Her notes for “When the Violin” were much briefer. She explains that the title is taken from a text attributed to the fourteenth-century Sufi poet and mystic Hafiz. The thematic material is based on the Charukeshi Raga of Hindustani classical music, which, to Western ears, would probably sound like a synthesis of the major and minor modes. The liner notes also include the English translation of Hafiz’ poem “The Gift,” whose first three words are the words of the album title.

The brevity of this music is compelling, since, over the course of a brief duration, Esmail establishes an intriguing dialectic of Eastern and Western influences. Furthermore, the transition to the second track, Esa-Pekka Salonen’s “Lachen verlernt” (laughing unlearned), feels almost like a segue. This is more than a little ironic, since Salonen’s music is unmistakably Western. Indeed, the title is the German translation of one of the poems by Albert Giraud that Arnold Schoenberg set in his Pierrot lunaire suite (which he called a melodrama since the vocal soloist has the opportunity to exercise her acting chops). While there is little sense of Schoenberg’s influence in Salonen’s score, “Lachen verlernt” is structured as a chaconne, possibly reflecting the ways in which Schoenberg drew upon historical sources for some of his twelve-tone compositions. At the same time Salonen was probably reflecting on the structure of one of the best-known movements for solo violin, which concludes Johann Sebastian Bach’s BWV 1004 partita in D minor.

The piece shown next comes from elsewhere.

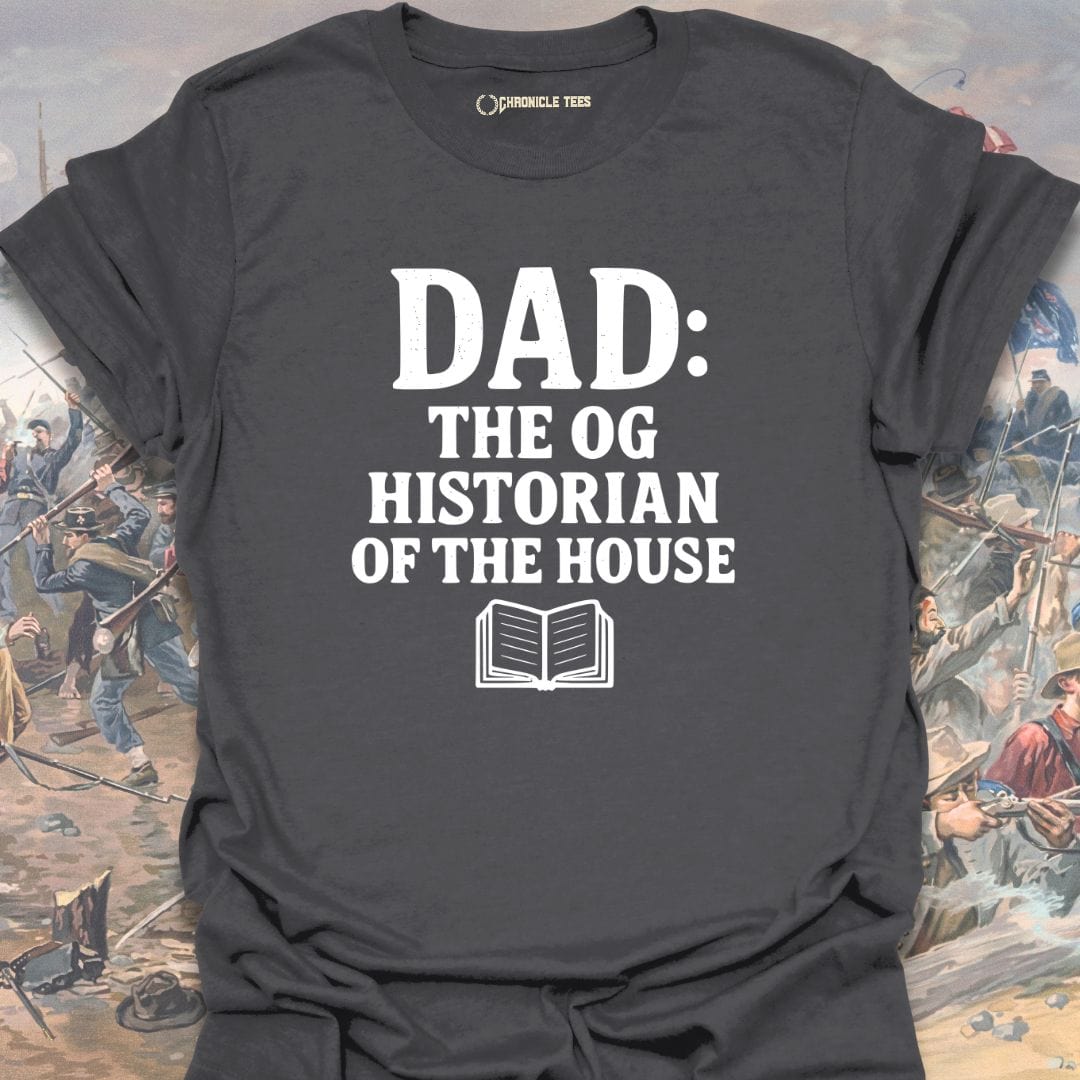 Dad: The OG Historian T-shirt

It should therefore be no surprise that Gupta turns to Bach after completing “Lachen verlernt.” However, rather than providing a platform for Bach’s chaconne, he plays the BWV 1001 solo violin sonata in G minor, which is particularly notable for presenting the polyphony of fugal structure realized by a single violin. Sadly, there is too much of a business-as-usual rhetoric in Gupta’s Bach performance, as if leaping gracefully over all the technical hurdles was all that matters. Indeed, his approach to Bach left me wondering whether Esmail and Salonen also deserved more expressive treatment, a shortcoming that would only be familiar to listeners with more intimate familiarity with their respective compositions. Such a shortcoming might suggest that Gupta is more interested in being a “citizen-artist” than a virtuoso violinist.